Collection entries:

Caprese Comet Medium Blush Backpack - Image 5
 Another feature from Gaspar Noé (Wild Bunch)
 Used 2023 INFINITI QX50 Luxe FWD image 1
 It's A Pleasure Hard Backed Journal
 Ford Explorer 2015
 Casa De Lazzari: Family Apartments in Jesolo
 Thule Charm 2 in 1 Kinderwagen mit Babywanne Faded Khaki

### YOUR ASSIGNMENT
Set every entry down once more, exactly as written above.

### RESULT BELOW
Caprese Comet Medium Blush Backpack - Image 5
 Another feature from Gaspar Noé (Wild Bunch)
 Used 2023 INFINITI QX50 Luxe FWD image 1
 It's A Pleasure Hard Backed Journal
 Ford Explorer 2015
 Casa De Lazzari: Family Apartments in Jesolo
 Thule Charm 2 in 1 Kinderwagen mit Babywanne Faded Khaki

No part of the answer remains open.